Wilson criticized the White House's response to the disclosure that Rove, a top-level Bush aide, had a role in the leak to a news reporter that Wilson's wife, Valerie Plame, was a CIA officer.
The following is a transcript of the interview:
JAKE TAPPER: Some might say, politically speaking, there's little upside in speaking out against the administration, because you're controversial and the White House is damaging itself. Why are you speaking out so much?
AMBASSADOR JOSEPH WILSON: At the end of the day, there's this smear campaign that they've launched is one that's very personal. It's a personal attack on my wife and myself. It is based on distortions and untruths. And I think it's important that the record be corrected. But let my just say that, by and large, this is not a political question. This is a national security question. It's a question of whether or not this country and this administration will tolerate somebody having leaked classified information to the press in a manner that is unethical and quite possibly illegal.
TAPPER: And you think that Karl Rove leaked your wife's identity to the press?
WILSON: What I've said all along is that I have information that, within a week of Mr. [Bob] Novak's article having appeared on July 14th of 2003, Mr. Rove was calling up reporters and pushing the story. I find the idea of a senior White House official engaged in political dirty tricks and smear campaigns to be below the ethical standards we have the right to demand of our senior public servants. With the release of this e-mail from Mr. Cooper, the Time magazine reporter, to his boss indicating that he had spoken to Mr. Rove about my wife several days before the Novak article appeared, I think there's real evidence there that he did in fact give away my wife's identity before Mr. Novak or any other article appeared.
TAPPER: Not specifically by name though, is what his defenders would say.
WILSON: I only have one wife and her name is Valerie Wilson so when he says "Wilson's wife" he's saying "Mrs. Wilson," and as I say, her name is Mrs. Wilson.

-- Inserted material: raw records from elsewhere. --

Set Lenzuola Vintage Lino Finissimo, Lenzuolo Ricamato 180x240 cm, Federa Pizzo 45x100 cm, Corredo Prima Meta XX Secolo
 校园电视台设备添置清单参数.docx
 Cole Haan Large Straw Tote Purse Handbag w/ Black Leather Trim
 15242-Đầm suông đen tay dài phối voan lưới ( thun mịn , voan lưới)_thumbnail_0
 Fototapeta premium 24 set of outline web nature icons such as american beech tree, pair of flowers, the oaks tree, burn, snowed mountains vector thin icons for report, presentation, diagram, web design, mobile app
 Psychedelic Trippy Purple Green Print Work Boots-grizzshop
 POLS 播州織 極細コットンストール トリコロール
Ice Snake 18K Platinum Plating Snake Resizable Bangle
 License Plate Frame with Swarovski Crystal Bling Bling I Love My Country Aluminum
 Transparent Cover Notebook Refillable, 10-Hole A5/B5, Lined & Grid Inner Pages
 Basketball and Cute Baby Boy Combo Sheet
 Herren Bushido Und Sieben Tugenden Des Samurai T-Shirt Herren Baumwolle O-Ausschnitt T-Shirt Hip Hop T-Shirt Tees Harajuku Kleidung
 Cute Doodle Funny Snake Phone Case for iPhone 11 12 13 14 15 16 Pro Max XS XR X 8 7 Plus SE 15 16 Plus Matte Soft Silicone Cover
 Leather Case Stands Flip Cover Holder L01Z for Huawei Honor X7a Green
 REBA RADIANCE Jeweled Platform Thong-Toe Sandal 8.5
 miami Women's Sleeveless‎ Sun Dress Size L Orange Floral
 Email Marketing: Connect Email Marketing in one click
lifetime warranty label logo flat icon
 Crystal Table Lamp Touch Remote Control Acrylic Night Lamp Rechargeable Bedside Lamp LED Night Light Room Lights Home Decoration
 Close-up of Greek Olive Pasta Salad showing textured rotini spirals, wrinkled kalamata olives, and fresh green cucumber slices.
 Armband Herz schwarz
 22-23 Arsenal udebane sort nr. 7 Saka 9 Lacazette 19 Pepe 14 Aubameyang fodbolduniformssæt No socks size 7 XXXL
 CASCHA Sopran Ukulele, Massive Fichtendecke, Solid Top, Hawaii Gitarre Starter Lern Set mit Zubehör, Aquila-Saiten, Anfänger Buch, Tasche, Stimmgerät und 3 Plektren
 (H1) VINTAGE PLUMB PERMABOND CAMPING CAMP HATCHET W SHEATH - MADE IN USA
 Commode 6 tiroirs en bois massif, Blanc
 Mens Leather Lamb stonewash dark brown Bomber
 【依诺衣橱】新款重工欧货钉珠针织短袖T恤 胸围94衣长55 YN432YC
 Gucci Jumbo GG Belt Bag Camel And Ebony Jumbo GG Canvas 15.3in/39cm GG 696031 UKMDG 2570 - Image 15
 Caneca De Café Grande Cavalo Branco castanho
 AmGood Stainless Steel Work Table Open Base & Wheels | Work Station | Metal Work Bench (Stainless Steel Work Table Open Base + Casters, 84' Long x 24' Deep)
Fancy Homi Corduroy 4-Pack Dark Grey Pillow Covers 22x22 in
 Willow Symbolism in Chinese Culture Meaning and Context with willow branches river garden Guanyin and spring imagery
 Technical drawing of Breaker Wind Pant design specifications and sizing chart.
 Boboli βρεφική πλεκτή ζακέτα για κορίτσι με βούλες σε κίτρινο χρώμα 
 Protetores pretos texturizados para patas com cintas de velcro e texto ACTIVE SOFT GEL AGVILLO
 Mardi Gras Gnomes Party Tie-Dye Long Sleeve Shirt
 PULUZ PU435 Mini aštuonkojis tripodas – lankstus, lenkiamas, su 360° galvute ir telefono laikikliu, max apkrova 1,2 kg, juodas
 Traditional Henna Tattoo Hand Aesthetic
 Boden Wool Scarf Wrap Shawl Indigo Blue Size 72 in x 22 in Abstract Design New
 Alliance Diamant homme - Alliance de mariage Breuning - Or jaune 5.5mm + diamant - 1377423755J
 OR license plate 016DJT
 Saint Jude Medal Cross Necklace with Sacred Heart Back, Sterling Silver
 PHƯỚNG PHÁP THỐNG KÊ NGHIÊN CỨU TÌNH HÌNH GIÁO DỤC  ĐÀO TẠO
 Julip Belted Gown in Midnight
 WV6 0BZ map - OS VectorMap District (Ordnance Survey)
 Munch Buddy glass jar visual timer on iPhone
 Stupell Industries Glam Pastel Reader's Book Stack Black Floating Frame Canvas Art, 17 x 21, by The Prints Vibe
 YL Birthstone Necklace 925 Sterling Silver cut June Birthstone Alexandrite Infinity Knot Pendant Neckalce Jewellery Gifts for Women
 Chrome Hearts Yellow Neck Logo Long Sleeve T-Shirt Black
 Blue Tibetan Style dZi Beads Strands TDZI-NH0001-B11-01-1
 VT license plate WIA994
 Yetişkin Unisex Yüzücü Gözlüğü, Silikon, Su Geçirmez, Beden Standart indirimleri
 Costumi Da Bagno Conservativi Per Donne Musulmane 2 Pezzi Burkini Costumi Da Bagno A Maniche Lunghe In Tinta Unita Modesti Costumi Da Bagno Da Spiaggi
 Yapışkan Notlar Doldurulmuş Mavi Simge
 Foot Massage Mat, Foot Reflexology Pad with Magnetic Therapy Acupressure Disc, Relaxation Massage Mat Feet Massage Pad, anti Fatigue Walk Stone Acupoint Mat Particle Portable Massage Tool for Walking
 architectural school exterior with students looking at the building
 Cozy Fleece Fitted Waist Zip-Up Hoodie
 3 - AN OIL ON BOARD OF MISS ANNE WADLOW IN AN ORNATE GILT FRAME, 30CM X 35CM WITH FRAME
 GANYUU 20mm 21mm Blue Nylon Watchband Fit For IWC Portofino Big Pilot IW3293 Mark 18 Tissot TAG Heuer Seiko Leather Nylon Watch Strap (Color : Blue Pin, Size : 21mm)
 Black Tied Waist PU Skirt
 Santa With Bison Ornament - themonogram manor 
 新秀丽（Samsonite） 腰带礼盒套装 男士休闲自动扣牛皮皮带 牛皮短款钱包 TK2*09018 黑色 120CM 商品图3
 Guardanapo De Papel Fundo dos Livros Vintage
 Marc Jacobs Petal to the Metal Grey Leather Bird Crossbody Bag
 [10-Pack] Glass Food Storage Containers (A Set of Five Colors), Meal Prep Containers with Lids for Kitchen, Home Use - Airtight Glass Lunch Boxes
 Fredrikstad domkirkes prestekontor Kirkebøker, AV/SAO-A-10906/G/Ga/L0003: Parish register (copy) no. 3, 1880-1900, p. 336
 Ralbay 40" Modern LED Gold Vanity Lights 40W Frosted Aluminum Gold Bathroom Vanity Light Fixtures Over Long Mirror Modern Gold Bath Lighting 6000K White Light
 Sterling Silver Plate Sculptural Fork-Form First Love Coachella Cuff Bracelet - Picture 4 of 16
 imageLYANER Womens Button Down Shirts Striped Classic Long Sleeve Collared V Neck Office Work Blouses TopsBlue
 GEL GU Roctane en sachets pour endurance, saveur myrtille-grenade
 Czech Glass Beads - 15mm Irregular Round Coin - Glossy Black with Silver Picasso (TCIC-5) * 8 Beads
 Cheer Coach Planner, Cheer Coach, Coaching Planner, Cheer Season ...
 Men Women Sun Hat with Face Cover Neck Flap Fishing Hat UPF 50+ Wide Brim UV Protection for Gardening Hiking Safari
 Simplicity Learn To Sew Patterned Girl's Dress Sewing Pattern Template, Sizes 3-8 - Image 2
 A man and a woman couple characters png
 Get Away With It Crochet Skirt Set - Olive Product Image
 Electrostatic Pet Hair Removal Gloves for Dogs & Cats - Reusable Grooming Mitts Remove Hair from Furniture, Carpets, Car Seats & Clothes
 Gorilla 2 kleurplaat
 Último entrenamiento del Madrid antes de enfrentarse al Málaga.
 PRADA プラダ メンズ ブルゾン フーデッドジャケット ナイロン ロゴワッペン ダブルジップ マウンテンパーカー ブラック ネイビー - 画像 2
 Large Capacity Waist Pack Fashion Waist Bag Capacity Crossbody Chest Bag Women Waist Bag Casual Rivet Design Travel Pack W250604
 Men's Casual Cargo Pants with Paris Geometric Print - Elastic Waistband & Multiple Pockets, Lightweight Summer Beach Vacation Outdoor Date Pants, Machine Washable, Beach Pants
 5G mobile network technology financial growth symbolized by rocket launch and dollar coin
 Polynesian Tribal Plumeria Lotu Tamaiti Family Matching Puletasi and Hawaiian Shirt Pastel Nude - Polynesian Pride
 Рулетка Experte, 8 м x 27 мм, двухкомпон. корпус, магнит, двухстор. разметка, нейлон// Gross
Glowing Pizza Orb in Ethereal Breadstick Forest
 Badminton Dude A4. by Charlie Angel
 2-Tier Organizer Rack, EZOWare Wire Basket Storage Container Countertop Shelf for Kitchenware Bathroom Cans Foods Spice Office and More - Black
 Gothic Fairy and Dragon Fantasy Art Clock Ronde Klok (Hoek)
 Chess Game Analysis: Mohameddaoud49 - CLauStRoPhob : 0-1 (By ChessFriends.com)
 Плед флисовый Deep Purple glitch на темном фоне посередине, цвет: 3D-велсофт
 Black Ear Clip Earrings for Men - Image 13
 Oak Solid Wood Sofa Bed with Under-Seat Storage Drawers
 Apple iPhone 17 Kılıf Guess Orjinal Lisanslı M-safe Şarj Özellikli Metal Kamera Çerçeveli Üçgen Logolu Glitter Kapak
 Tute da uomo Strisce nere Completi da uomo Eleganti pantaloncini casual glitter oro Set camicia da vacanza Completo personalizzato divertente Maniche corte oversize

TAPPER: There are a lot of charges coming at you from the Republican Party in defense of Mr. Rove. One of them is that Karl Rove did not know what your wife's name was, so he couldn't have truly "identified" her.
WILSON: The Intelligence Identities Protection Act doesn't call for naming by name, it calls for identifying the individual. So when he said "Wilson's wife," he identified her. And her name, again, is Valerie Wilson.
TAPPER: But doesn't the Intelligence Identities Protection Act also call that he would have had to have known that she was undercover?
WILSON: That's something that the special council is obviously in the process of determining. Again, irrespective or whether or not what he said was criminal under in the context of the Intelligence Identities Protection Act, it's very clear that he knew from this e-mail that she worked for the CIA, and he knew that she was my wife, and he said "Wilson's wife," and her name is Valerie Wilson.